Task details: Give every entry below again, exactly as written, and skip the images.

Listed records:
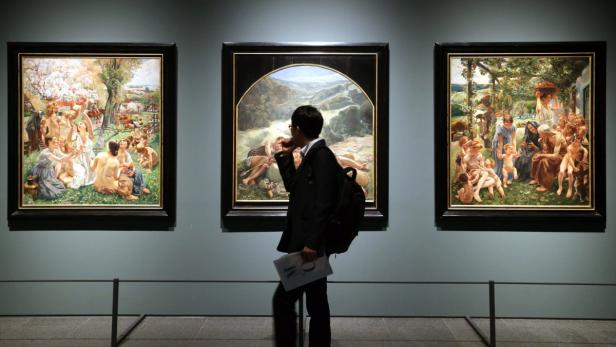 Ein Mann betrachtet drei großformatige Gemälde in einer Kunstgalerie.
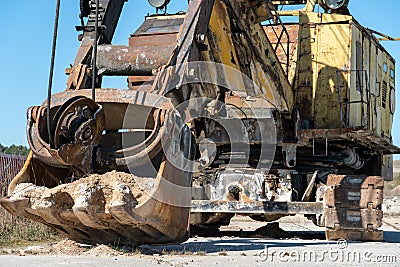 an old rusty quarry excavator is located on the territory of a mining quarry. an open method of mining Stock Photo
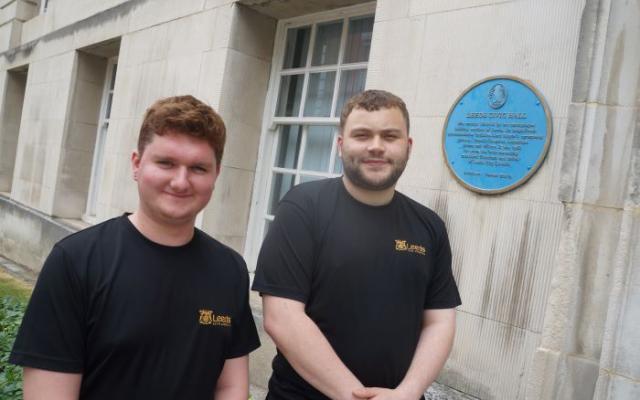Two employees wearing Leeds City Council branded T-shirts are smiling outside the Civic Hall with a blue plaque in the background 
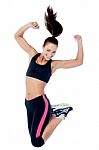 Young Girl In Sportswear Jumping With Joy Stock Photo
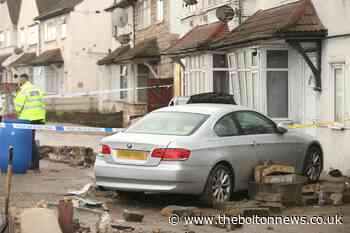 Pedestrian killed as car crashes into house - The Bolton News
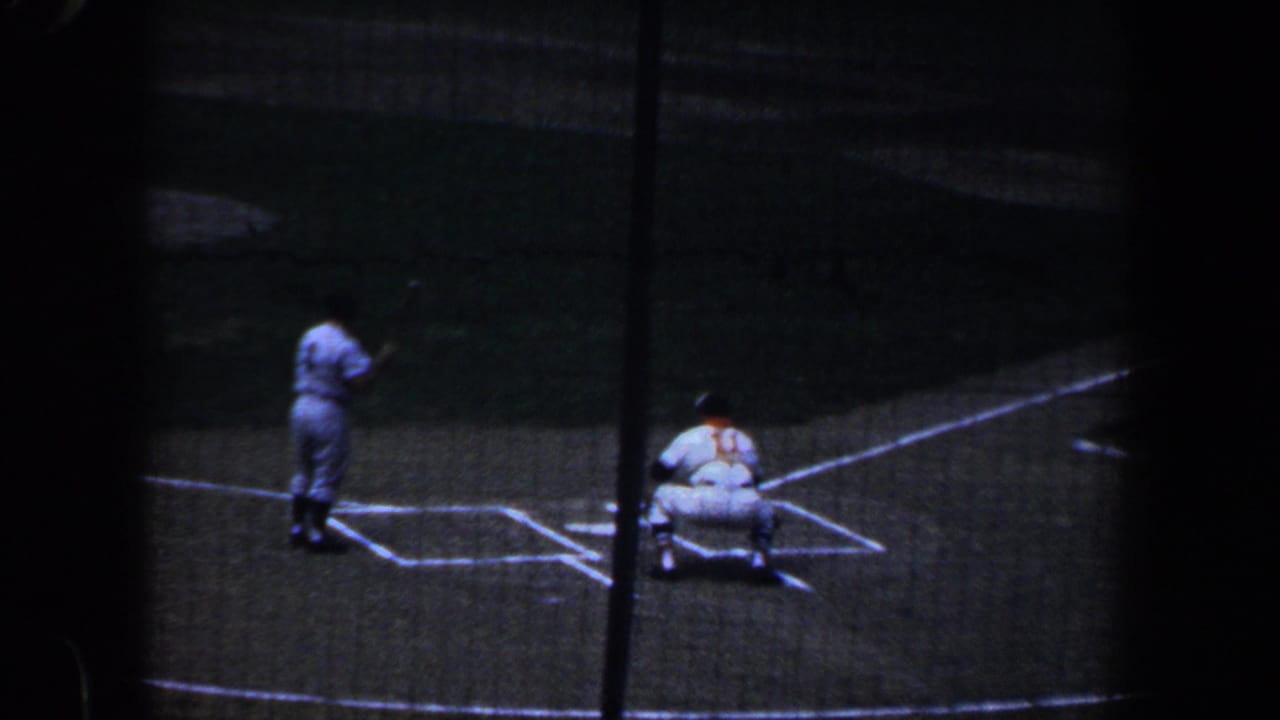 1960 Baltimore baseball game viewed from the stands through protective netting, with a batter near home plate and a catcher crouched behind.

Solution:
 Ein Mann betrachtet drei großformatige Gemälde in einer Kunstgalerie.
 an old rusty quarry excavator is located on the territory of a mining quarry. an open method of mining Stock Photo
Two employees wearing Leeds City Council branded T-shirts are smiling outside the Civic Hall with a blue plaque in the background 
 Young Girl In Sportswear Jumping With Joy Stock Photo
 Pedestrian killed as car crashes into house - The Bolton News
 1960 Baltimore baseball game viewed from the stands through protective netting, with a batter near home plate and a catcher crouched behind.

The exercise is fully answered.